There are a million Obsidian champions, and there's probably a dozen of them in your org. I think Notion should be shaking in their boots right about now.
If Obsidian can get their organization management and syncing/backup strategy right, and if they make their product interface well with distributed git automations, Obsidian is going to take over so many new workflows. Not just knowledge bases, but mdbook -> webpage workflows, documentation, customer-facing pages, everything.
Notion makes product managers smile. Obsidian makes developers and product managers smile.
I don't think that's true; my (admittedly limited) understanding of Obsidian is that it strongly appeals to the type of person who reads HN; they're not going to appeal to someone who wants a WYSIWYG editor that they don't have to think about manually syncing with anything.
Obsidian makes developers smile, but it won't make sales people, customer service people, or executives smile unless they're already inclined to.
Love when people just spout straight bullshit without any substance to it.
Gladly using Obsidian with no community extensions. It is completely usable as a PKM without any additions.
Again, love when people spout bullshit.
Are you ever going to elaborate on what is so “low standard” about Obsidian, or just going to keep speaking in vagueness?
Maybe Obsidian appeals to a particular type of techie who uses Vim and stores all their files locally, compared to someone who isn't technical and just wants "documents in the cloud".
I should add that I dislike Notion for most things. In particular, the database support (which a lot of people here are singing praises about), tables, lack of diagramming, and the poor search.
But my main problem with Notion and other document systems is that invariably dissolve into the equivalent of a hoarder's house, full of outdated, hard-to-find garbage deeply buried under other garbage.
That's because Notion only has hierarchy. It doesn't have a sense of "cross cutting". So everyone organizes their stuff in completely different ways, and you have to deal with poorly thought-out folder hierarchies. Where I work, any attempt to carefully "garden" pages is futile because there is no discipline enforced by the tool.
Lately I've been using Linear as a replacement for Notion for some things, and it's just a much better designed tool.
For the same reason they liked it in the UX of 1985 and 1995...because Markdown gives you the ability to actually see the format codes that create your formatting and fix them if they're not what you want.
Now Obsidian (or any other Markdown editor) certainly isn't WordPerfect, but the one thing that diehard WordPerfect users loved was the ability to hit "reveal codes" and gain exacting control over their formatting...something Microsoft Word has never even tried to do. Markdown is far, far simpler, but the same control is there.
By analogy, to me it's like people preferring to draw by writing SVG, when drawing lines and circles is much more natural in a visual medium. Its not like sheet music where notation describes a completely different medium.

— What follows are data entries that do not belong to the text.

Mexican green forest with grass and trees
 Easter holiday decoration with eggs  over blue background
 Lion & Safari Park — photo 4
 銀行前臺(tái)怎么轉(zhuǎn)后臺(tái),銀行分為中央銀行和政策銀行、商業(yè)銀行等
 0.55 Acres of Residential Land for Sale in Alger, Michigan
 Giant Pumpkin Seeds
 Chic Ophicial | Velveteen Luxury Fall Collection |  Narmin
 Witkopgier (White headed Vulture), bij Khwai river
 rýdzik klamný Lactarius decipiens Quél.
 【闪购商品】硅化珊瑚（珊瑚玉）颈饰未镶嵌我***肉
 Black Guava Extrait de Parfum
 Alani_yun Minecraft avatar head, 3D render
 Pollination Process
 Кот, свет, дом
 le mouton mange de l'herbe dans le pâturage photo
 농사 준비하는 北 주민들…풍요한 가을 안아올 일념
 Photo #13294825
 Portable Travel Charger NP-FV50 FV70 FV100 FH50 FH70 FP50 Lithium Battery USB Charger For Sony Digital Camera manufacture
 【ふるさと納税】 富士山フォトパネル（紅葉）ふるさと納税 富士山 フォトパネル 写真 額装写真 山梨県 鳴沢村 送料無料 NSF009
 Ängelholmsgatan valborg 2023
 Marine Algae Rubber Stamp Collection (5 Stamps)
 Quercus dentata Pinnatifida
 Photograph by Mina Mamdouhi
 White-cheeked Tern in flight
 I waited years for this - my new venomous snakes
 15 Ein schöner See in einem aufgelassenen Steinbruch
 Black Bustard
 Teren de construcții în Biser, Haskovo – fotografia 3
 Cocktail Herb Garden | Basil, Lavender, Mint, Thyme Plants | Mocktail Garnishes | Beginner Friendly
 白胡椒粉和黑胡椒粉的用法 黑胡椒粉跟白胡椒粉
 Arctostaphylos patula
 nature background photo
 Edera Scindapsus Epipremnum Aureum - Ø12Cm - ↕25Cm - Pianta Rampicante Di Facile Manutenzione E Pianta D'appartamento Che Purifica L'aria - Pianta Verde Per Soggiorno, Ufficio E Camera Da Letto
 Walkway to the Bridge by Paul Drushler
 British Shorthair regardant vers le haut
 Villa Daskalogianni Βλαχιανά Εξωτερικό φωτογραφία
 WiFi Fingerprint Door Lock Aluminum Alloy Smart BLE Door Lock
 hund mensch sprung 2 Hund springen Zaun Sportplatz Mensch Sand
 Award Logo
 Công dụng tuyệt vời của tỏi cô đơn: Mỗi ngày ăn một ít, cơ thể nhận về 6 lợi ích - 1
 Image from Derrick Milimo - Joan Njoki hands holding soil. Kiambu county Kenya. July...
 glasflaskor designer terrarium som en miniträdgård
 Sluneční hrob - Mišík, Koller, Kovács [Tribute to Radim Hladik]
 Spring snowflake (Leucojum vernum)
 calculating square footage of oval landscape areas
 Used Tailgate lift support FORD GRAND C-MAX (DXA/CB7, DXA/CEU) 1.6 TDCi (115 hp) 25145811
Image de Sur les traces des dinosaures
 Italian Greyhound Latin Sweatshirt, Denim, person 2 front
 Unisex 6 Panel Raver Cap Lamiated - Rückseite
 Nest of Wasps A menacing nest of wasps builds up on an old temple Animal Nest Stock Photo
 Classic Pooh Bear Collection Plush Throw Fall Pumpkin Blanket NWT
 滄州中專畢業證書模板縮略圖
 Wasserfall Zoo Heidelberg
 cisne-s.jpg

Because if you can see them you can fix them when they inevitably get fucked up. (Literally commenting immediately after fixing some formatting that Confluence broke, like I do every day)
Two neatly separated editing, or one editing plus one preview, mode(s) don't equate to "all over the place".
> "But my main problem with Notion and other document systems is that invariably dissolve into the equivalent of a hoarder's house, full of outdated, hard-to-find garbage deeply buried under other garbage."
I have never used Notion. But if said program does support good enough search as well as tagging functionality (an essential of any KM tool to be considered at least decent), then the "hard-to-find and deeply buried" is on the user for being incompetent at managing (meta) data... which is often enough an inherited problem, e. g. through bad company policies or practices.
And if the tool, in 2025, does not support such essential functionality, the user is obviously also (at least partly) at fault: for choosing it.
> "That's because Notion only has hierarchy."
Easy to avoid as there have been lots of freeform knowledge management tools out there... since the likes of Lotus Agenda. In my experience their freeform-style makes them unpopular with most people for it takes... some... effort (e. g. discipline) to make proper use of them. Such software obviously has to be adapted for any corporate use, which makes them rather unpopular in that space. See below.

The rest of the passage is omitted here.